### COLLECTED DATA
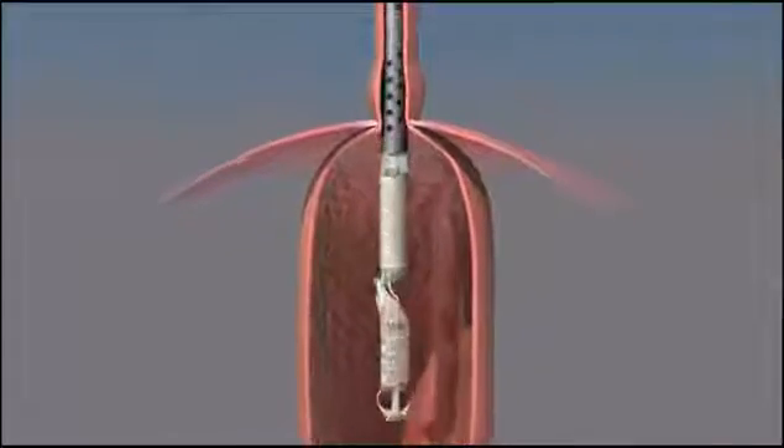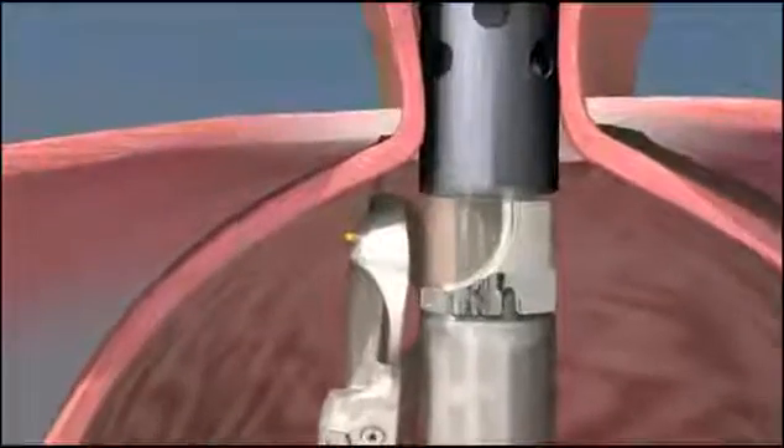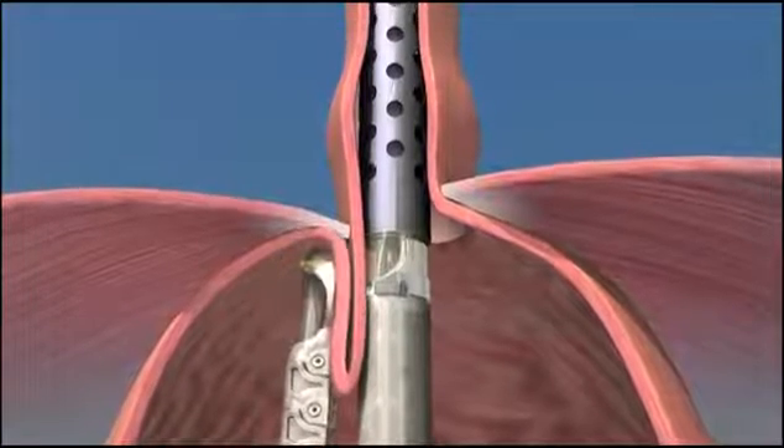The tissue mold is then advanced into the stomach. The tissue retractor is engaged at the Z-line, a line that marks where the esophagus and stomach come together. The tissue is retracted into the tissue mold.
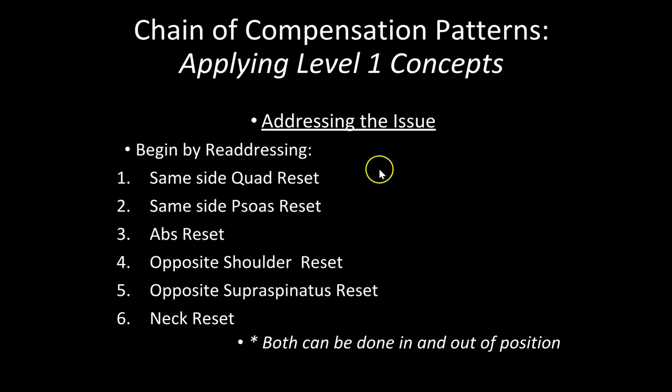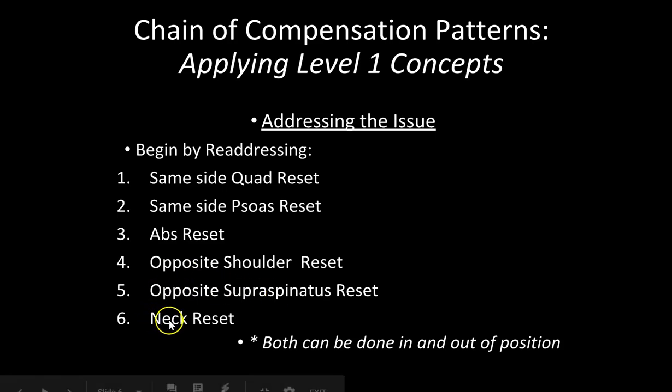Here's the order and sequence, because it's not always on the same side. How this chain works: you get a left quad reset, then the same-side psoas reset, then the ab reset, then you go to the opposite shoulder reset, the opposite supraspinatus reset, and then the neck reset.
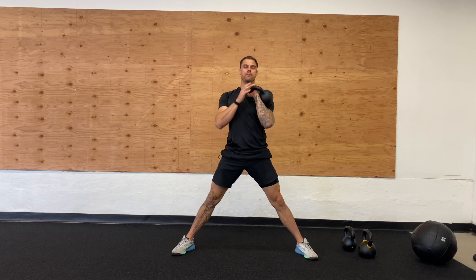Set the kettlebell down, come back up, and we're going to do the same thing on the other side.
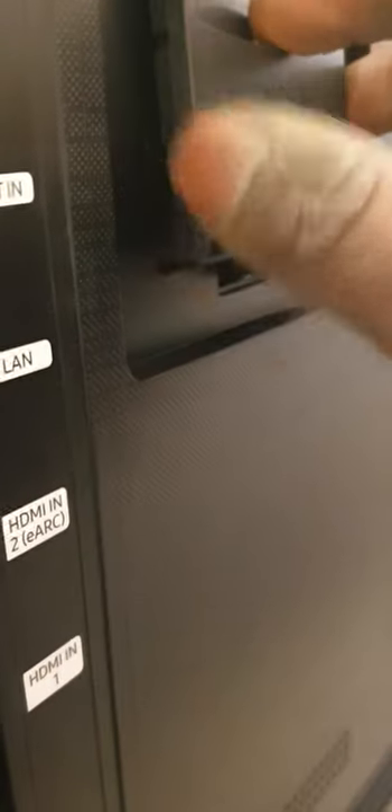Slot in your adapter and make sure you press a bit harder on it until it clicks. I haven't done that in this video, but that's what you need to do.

### WORK REQUEST
Your copy should hold only the lines from the line with "Set the kettlebell" through the end of the data above, both ends included, transcribed exactly and without pictures.

### EXPECTED ANSWER
Set the kettlebell down, come back up, and we're going to do the same thing on the other side.
Slot in your adapter and make sure you press a bit harder on it until it clicks. I haven't done that in this video, but that's what you need to do.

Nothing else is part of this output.